We start where we left off with this,
Total Income = (Individual Income - Individual Saving) + (Investment)
and break it down into our two groups
Total Income = (Indebted Income - Indebted Saving) + (Debtfree Income - Debtfree Saving) + (Investment)
Lets use some numbers.
$20,000 = ($10,000 - $0) + ($10,000 - $0) + $0
As we saw last time, when our indebted person tries to pay down his debt by $1000, only $500 of it got picked up as new investment and so total income went down by $500. In this case that would mean,
Total Income = $19,500 = (? - $500) + (? - $0) + $500
But who takes the income cut? There is no mechanism in the economy that makes sure the guy that is in debt will take the hit. In our example the person paying down debt decided to get the money to do so by cutting out his morning trip to Starbucks. It could be the case that our virtuous debt free guy works there. It might be the case that he is the one who takes all of the hit and it could look like this,
$19,500 = ($10,000 - $500) + ($9,500 - 0) + $500
If we could get our virtuous person to spend more by taking on some debt himself (have a negative saving rate) then we would be OK and Total Income would never have to fall in the first place:
$20,000 = ($10,000 - $500) + ($10,000 - (-$500)) + $500
Unfortunately this mechanism is blocked for the same reason the investment mechanism was blocked. The interest rate is already at zero and can't move any lower. So the economy will shrink and it doesn't care how virtuous the recipient of this pain is.
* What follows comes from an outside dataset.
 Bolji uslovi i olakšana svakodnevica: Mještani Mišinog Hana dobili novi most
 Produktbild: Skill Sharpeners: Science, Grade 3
Does the Interest Rate need to be negative right now?
I thought I should back up my claim about the interest rate needing to be negative. This is from about a year and a half ago but it is a good example of what I'm talking about. I, unfortunately don't have a more recent number but we can infer the Fed thinks the number is still negative from their actions. There is no talk of raising rates any time soon, in fact they have embarked on a new measure intended to emulate negative interest rates, quantitative easing.
April 27 2009
The ideal interest rate for the US economy in current conditions would be minus 5 per cent, according to internal analysis prepared for the Federal Reserve's last policy meeting.
The analysis was based on a so-called Taylor-rule approach that estimates an appropriate interest rate based on unemployment and inflation.
A central bank cannot cut interest rates below zero. However, the staff research suggests the Fed should maintain unconventional policies that provide stimulus roughly equivalent to an interest rate of minus 5 per cent.People are saving?
Remember, we are defining saving as anything not spent on consumption. So you can be in debt and be saving at the same time. All we care about for determining Total Income is how much of their personal income people are spending on purchases. Unfortunately the term "saving" gets used in a lot of different ways in the press. Sometimes an article is just referring to how much people are putting in a savings accounts so it can be confusing. I'll use a graph from the Fed that is defining saving the way we are using it.
As you can see, saving is indeed way up since the collapse.
Go Investors Go
Investment has been picking up some of the slack fortunately. Taking a look at this GDP table we can see that it increased at a pretty steep pace earlier this year, it just hasn't been enough to take up all the extra saving.